Time Vector Analysis

The time vector analysis method provides an excellent insight into the modes of airplane motion. The method came about as an incidental result of debugging one of the world’s first electronic analog computers, built to represent generalized airplane longitudinal dynamics. This computer’s inventor was Dr. Robert K. Mueller; his device, now in the MIT Museum, was built to support his 1936 MIT ScD thesis.

The fundamental concept of time vector analysis is that for any oscillatory transient gen­erated by a linear system having a certain undamped natural frequency and damping ratio:

1. the amplitude of the transient derivative is the transient amplitude multiplied by the undamped natural frequency, and

2. the phase of the transient derivative is the phase of the transient advanced by 90 degrees plus the angle whose sine is the damping ratio.

With this concept, one can construct time vector polygons representing each term in any system equation corresponding to a particular modal solution of the characteristic equation. The time vector polygons show which terms are dominant and how the amplitude and phase relations among the variables arise (Figure 18.9). In Mueller’s thesis example, the time vector polygons give insight into the wind axis equations of longitudinal motion and suggest correction of the phugoid mode instability with pitch attitude feedback. At the urging of his then-supervisor at the Glenn L. Martin Company, James S. McDonnell, he presented a paper on the topic at a meeting of the Institute of Aeronautical Sciences (Mueller, 1937).

In Germany, Dr. Karl-H. Doetsch used the time vector method to study lightly damped airplane-autopilot combinations. Working at the Royal Aircraft Establishment (RAE) after World War II, K-H. Doetsch and W. J. G. Pinsker applied time vector analysis methods to the Dutch roll problems of jet airplanes.

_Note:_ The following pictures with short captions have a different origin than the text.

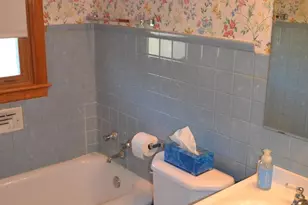 655 W 19th Ave, Oshkosh, WI 54902 - Photo 19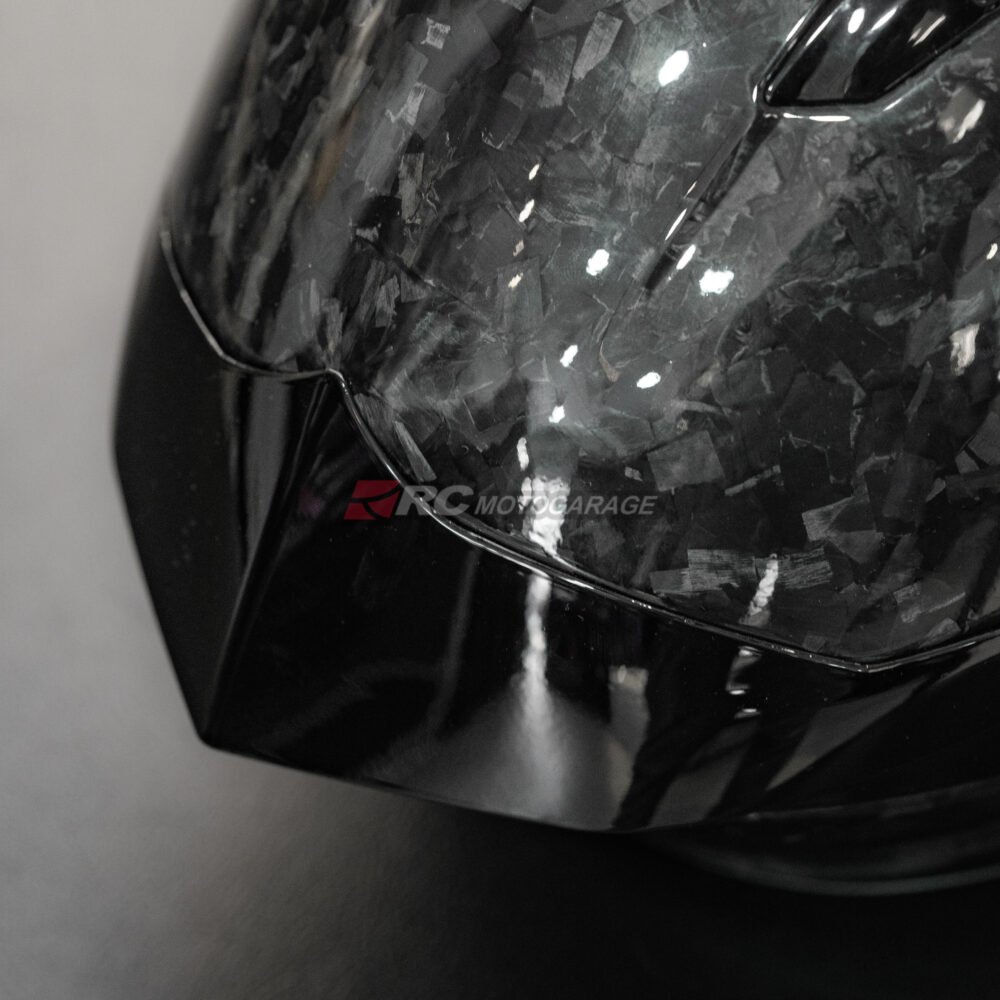 Alternative view of KYT NZ Race Carbon Forged Gloss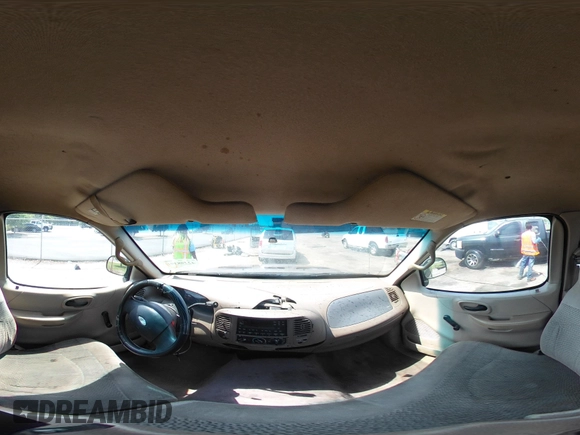 2000 Ford F-150 XL with VIN 1FTZF1721YNB05244, listed as a IAAI auction lot 42298391 with Not provided miles and . Bid and sale history available at DreamBid. Image 18.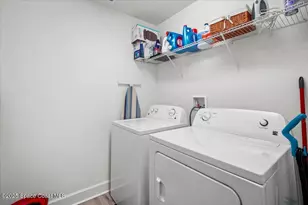 527 Glaspell Cir SE, Palm Bay, FL 32909 - Photo 33
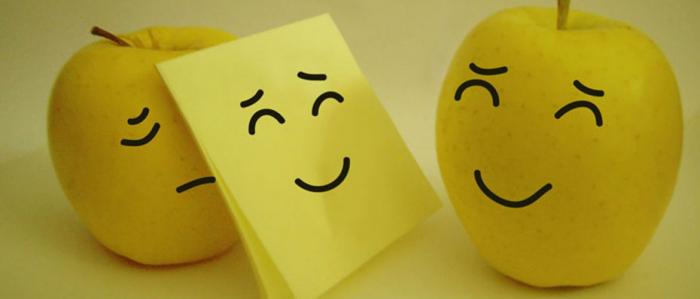 Emoticones que reflejan alegría y tristeza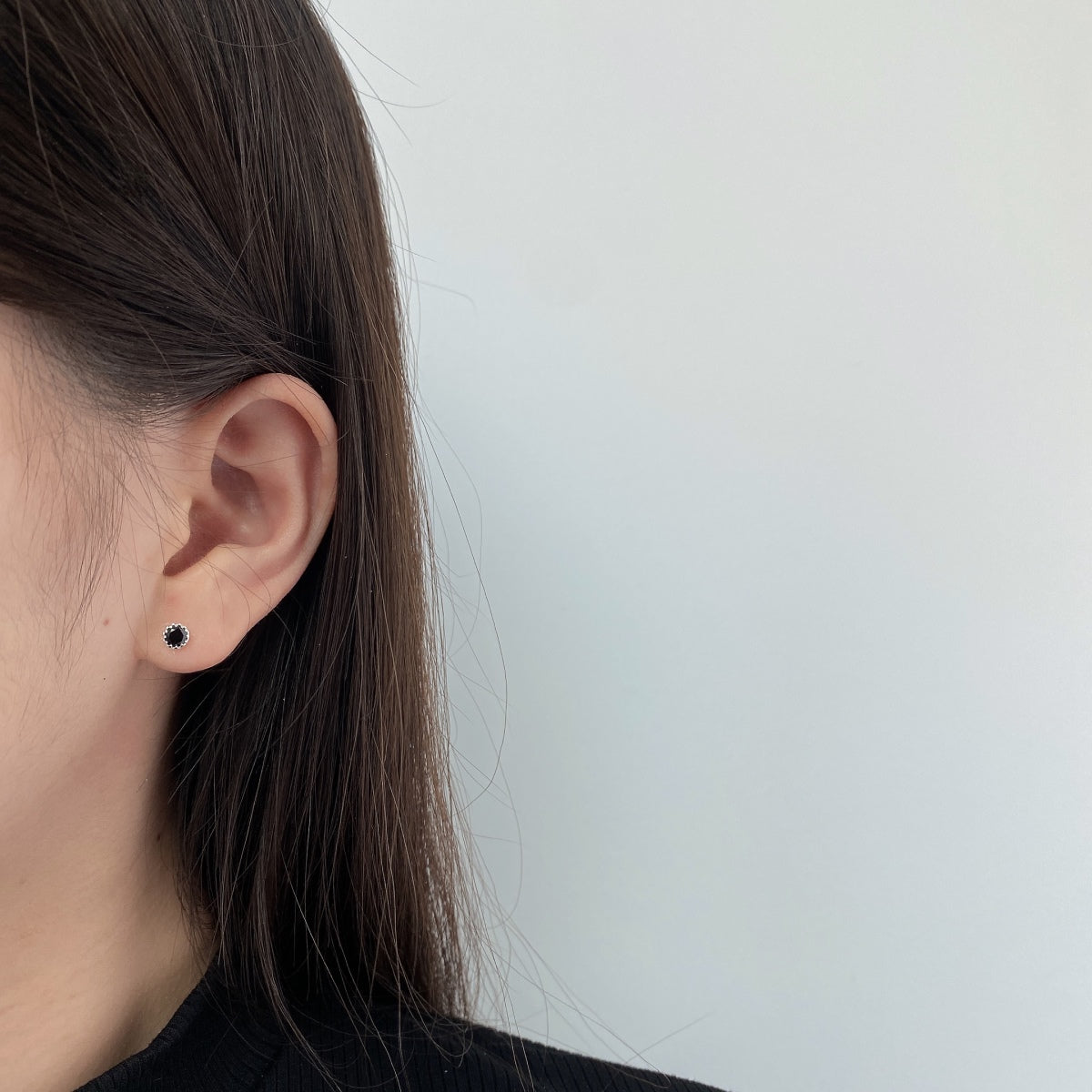 [OAK JURI]Sparkling Colorful Round Shape Earrings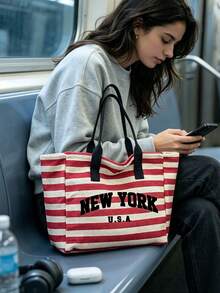 復古黑白條紋 NEW YORK 印花托特包套組，大容量主包附配套小化妝收納包，對比紅色字母美式復古風，耐用耐磨布料，手提設計，適合書籍、筆電、海灘用品、通勤、上學、旅行，適合學生、教師、上班族女性、旅行愛好者，開學季、教師節、生日、度假實用禮物，適合日常購物、海灘出遊、短途旅行 - 彩色 - 查看 6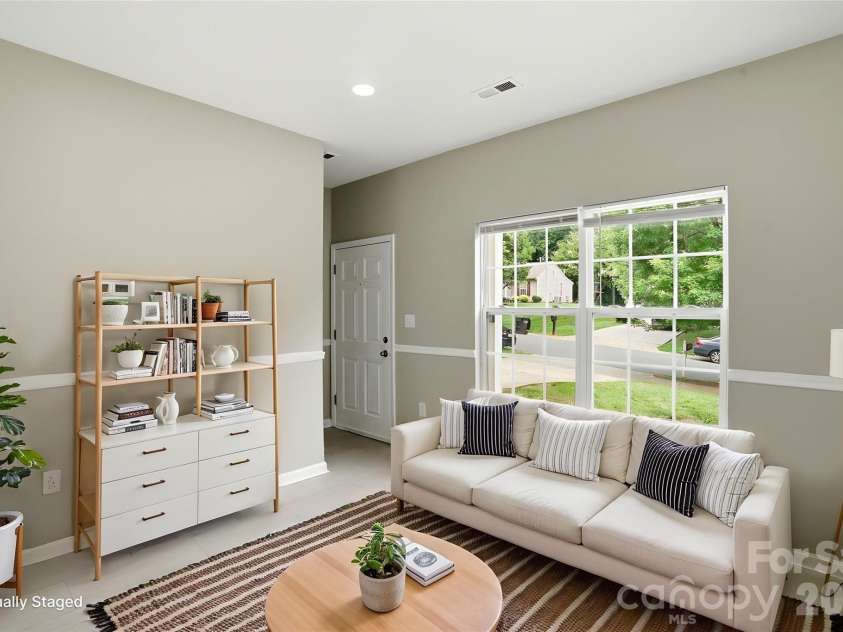 5232 Javitz Road, Charlotte, NC 28216.  MLS# CAR4387419, YatesRealty ID 27443. Virtually Staged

There was an early application of the time vector analysis method by Leonard Sternfield of the NACA Langley Laboratory to the Dutch roll oscillation. Around 1951 he built two bridge-table-size mechanical analogs of the roll and yaw time vector polygons to predict the Dutch roll characteristics of new airplanes. Around the same time E. E. Larrabee made what he thought was the first use of time vector analysis to extract stability derivatives from flight time history measurements, although Doetsch had done much the same in England.